Un désaveu très clair de la politique du coupe-coupe
Les élus de droite ont-ils eu peur de voir leur politique désavouée par plus de 60% du corps électoral en Ville de Genève? Ou avaient-ils encore en tête le désaveu frontal que la chambre constitutionnelle leur avait porté quelques jours avant le scrutin sur leur recours administratif considéré nul et non avenu ? Cet abstentionnisme des élus de droite pousse à réfléchir. Il fait écho à une campagne où la droite s’est effilochée et réfugiée dans une posture victimaire et plaintive, incapable d’assumer politiquement ses coupes.
Le résultat des urnes allait-il faire réfléchir les élus de droite? Il semble, malheureusement, à écouter ceux qui y ont réagi, que non. Au soir d’un désaveu électoral massif, Simon Brandt, PLR signe sur son blog un nouvel acte d’accusation contre les autorités, relayé en communiqué de presse par les quatre partis de l’Entente, où il promet de nouvelles coupes.[1]

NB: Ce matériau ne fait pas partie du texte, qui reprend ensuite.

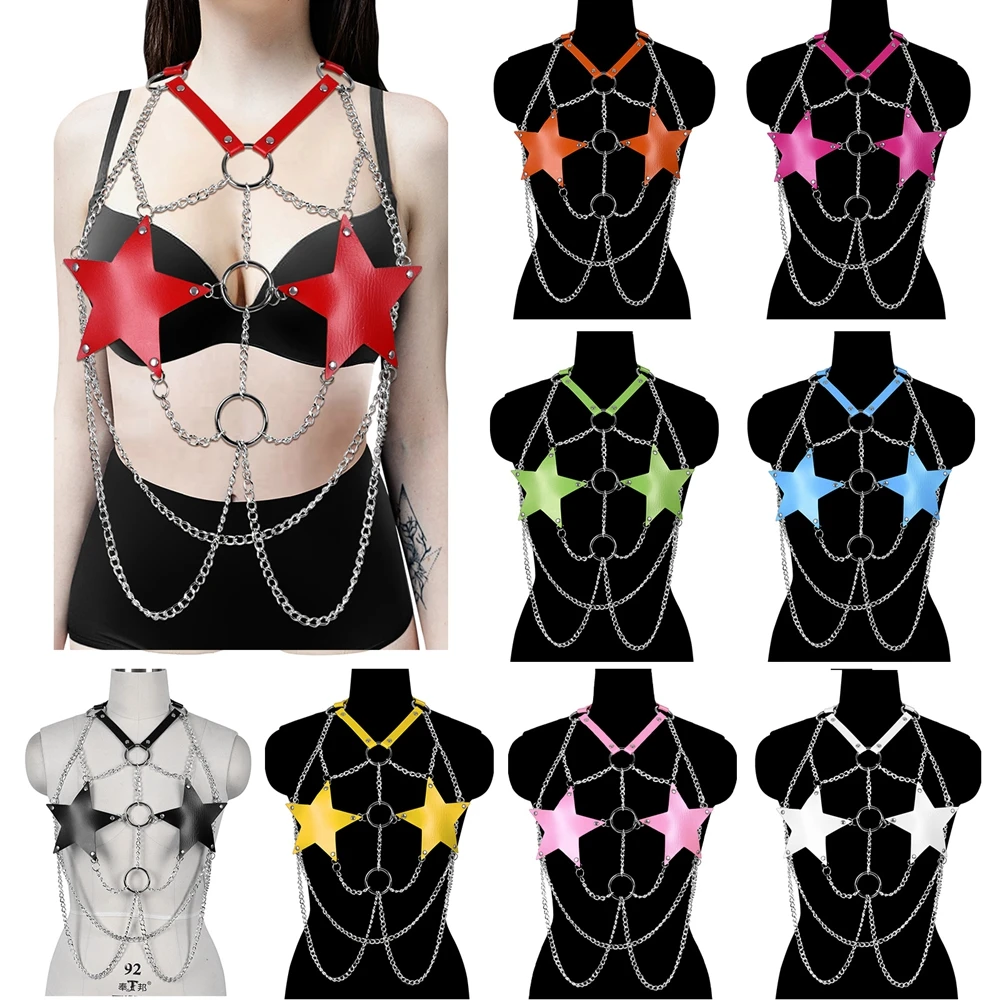 

Соблазнительная портупея для косплея в стиле Харадзюку, модный боди-пояс, комплект белья из искусственной кожи, бандаж, танцевальная одежда, бюстгальтер, Бралетт в клетку, подвязки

Une droite autiste et obsessionnelle
Face à la décision très claire des habitants de la Ville de Genève de refuser de taillader un budget bénéficiaire. Face à un choix démocratique qui transcende les camps politiques, s’appuyant sur des comptes 2015 dotés de 40 millions de bénéfices, rappelant qu’une partie de la prospérité de la Ville est construite sur la culture et le social, la droite répond par l’autisme et l’obsession en annonçant la poursuite des coupes dans la prospérité de la Ville [2].

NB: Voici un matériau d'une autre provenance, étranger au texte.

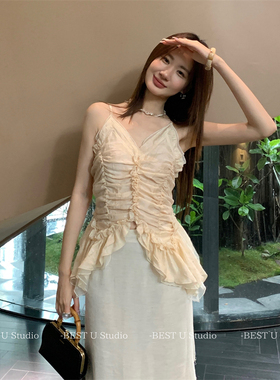Best U法式气质纯欲皱褶吊带上衣女夏季新款收腰显瘦晕染设计背心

La droite dysphorique réaffirme sa volonté de nuire, son sentiment infantile de ne pas être entendue par le Conseil administratif et la Gauche. Or, il n’est pire sourd que celui qui ne veut pas entendre. Le peuple s’est exprimé clairement ce dimanche et a fait entendre sa voix: des coupes, il n’en veut pas! Est-ce si dur à entendre? Plutôt que des coupes, on a envie de proposer à la droite un bon nettoyage d’esgourdes.
Si j’étais de droite…
Si j’étais de droite, ce lundi, je me demanderais pourquoi 60% du corps électoral m’a clairement signifié son désaccord. Si j’étais de droite, je m’interrogerais pour savoir en quoi ma volonté de coupes forcées est encore légitime. Je ne mettrais pas en cause ma « méthode » mais mes manies. Si j’étais de droite, pourquoi trahirais-je ce qui a bâti la prospérité de la Suisse: sa valorisation du consensus, du dialogue, et le respect des majorités comme des minorités, dans la défaite comme dans la victoire ?

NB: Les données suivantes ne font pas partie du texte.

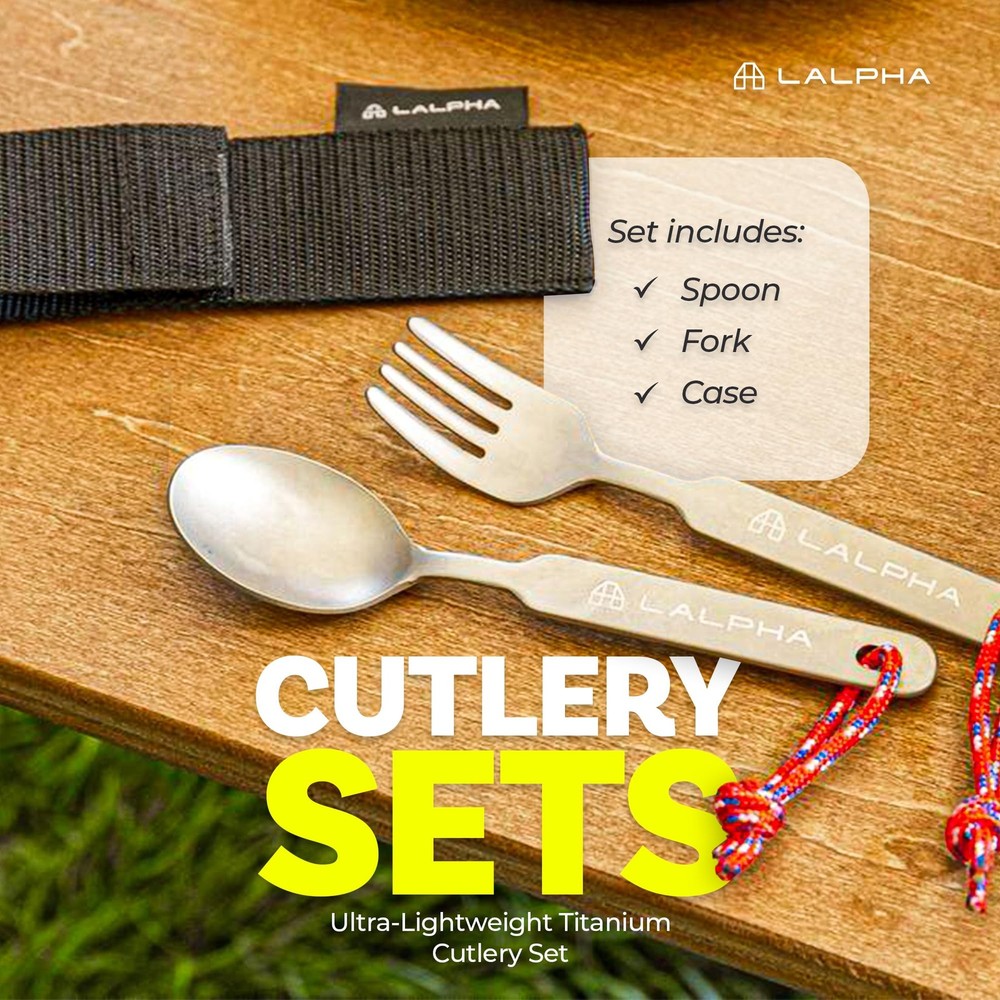 Ultra-Lightweight Titanium Cutlery Set with Spoon, Fork, and Storage Case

Si j’étais de droite, et de droite, disons modérée, je me demanderais pourquoi renier mon héritage politique, humaniste et social. Je remettrais en question mon plan quinquennal de coupes, et en l’interrogeant, je ferais preuve d’évolution politique, me séparant au passage de quelques extrémistes peu inspirés. Si j’étais de droite, pourquoi rejouerais-je au budget 2017, ce qui a échoué au budget 2016?
Si j’étais de droite, je ne mépriserais pas la démocratie suisse en raillant les référendums comme certains l’ont osé dans mon camp, mais la respecterais, et m’inclinerais devant elle. Si les élus passent, la démocratie demeure; et il revient aux élus d’être au service de celle-ci, pas l’inverse… je ne chercherais pas à forcer ma politique à 43 bonhommes contre l’avis du peuple[3].
Si j’étais de droite, enfin, j’irais au théâtre, au cinéma, ouvrirais des livres, remerciant ceux qui les créent de ne pas être rancunier ou aigri, car offrant sans compter ce qui rend l’Homme éclairé.
[2] http://plr-villedegeneve.ch/2016/06/ville-de-geneve-a-nou…
[3] La droite dysphorique, disposant de 43 sièges sur 80 depuis les élections municipales du printemps 2015, s’est mise en tête que cette faible majorité lui donne toute légitimité pour imposer ses vues, sans tenir compte de l’avis populaire.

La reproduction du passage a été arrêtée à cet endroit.